** YOUR GOAL **
Tally the lines in the following entries that include the word "Couch"; state only the total.

(Beginning of EXERCISE INPUT)

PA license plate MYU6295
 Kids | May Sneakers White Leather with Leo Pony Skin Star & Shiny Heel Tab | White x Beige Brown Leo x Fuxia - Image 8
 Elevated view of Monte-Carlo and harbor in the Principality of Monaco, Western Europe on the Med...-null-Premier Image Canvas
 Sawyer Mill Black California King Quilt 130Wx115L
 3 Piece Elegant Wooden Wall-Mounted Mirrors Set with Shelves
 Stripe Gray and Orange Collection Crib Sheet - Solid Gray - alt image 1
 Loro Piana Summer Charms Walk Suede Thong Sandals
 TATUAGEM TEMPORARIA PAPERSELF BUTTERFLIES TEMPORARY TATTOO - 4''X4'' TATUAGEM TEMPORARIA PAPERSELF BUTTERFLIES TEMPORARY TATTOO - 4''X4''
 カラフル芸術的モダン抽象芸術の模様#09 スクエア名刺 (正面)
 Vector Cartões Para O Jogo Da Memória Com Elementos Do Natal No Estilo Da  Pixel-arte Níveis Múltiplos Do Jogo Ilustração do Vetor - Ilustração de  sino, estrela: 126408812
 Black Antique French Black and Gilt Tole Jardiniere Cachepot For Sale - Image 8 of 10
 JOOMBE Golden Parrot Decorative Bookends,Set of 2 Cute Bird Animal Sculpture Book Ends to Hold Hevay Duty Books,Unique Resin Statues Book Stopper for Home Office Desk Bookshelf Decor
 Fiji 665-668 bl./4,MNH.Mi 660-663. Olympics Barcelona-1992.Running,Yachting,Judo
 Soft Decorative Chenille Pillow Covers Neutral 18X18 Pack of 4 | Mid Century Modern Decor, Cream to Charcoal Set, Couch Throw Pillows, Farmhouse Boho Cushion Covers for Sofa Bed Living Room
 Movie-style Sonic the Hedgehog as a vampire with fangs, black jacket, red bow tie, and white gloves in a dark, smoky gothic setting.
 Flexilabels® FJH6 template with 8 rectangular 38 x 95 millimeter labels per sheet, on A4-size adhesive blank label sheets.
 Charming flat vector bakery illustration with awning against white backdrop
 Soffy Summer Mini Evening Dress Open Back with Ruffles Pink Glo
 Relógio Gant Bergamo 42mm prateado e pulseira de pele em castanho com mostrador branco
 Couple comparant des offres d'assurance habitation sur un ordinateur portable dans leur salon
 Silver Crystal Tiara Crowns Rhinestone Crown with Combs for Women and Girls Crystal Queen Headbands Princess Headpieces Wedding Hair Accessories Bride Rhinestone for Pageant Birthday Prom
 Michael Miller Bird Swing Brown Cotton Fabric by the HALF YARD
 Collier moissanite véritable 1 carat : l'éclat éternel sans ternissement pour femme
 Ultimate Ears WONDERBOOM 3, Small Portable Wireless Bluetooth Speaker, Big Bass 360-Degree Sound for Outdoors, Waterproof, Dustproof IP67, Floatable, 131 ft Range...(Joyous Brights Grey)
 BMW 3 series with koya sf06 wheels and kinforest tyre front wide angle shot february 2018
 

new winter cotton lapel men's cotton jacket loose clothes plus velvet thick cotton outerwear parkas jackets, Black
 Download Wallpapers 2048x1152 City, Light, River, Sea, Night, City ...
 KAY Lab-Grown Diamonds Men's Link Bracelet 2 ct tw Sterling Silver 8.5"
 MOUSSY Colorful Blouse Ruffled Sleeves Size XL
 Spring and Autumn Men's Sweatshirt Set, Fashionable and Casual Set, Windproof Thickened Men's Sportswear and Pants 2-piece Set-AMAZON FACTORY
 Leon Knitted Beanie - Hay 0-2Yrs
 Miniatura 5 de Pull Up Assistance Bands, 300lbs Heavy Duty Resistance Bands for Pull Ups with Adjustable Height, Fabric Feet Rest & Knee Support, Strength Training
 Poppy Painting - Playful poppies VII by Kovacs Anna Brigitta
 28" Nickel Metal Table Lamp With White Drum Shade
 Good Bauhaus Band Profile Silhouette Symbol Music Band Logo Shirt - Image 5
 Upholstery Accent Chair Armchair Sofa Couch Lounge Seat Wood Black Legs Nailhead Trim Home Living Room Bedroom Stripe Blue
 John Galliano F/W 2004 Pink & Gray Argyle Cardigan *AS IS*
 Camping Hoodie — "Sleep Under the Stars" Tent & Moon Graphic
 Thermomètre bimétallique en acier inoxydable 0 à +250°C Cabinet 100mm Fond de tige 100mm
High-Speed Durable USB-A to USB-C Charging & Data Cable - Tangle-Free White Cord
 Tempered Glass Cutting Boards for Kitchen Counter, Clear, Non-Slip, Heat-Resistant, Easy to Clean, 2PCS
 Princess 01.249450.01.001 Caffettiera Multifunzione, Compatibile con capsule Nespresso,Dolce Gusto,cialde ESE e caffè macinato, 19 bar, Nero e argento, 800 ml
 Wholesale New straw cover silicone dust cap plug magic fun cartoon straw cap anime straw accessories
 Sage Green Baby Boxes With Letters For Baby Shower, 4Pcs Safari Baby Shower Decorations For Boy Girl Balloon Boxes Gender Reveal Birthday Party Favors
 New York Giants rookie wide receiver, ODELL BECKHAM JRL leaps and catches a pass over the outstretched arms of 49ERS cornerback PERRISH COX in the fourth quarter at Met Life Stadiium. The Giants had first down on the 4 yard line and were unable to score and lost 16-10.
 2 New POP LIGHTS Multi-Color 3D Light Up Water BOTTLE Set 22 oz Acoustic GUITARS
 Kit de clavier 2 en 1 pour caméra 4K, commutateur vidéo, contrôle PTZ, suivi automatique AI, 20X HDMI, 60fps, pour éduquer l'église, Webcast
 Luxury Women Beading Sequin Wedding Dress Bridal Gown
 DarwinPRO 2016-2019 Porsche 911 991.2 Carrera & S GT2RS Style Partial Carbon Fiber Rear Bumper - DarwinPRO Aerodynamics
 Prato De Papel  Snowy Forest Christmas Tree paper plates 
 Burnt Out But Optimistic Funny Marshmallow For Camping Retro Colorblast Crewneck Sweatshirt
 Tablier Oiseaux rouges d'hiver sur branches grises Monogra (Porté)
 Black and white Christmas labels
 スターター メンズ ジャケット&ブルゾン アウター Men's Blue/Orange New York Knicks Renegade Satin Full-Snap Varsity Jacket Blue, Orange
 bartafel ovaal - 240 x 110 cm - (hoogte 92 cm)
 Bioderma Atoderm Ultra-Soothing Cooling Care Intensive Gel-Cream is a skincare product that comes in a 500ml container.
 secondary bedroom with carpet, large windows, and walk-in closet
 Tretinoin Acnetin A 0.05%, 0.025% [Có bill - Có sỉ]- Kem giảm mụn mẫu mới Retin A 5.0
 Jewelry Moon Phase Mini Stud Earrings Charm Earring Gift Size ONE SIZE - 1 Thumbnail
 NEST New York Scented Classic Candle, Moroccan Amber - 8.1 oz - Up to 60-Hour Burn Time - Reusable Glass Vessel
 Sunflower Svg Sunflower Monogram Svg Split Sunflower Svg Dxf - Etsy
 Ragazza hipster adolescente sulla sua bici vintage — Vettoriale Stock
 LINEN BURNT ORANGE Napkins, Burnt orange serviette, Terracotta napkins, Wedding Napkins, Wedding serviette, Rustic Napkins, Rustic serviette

(End of EXERCISE INPUT)

** WRITTEN ANSWER **
2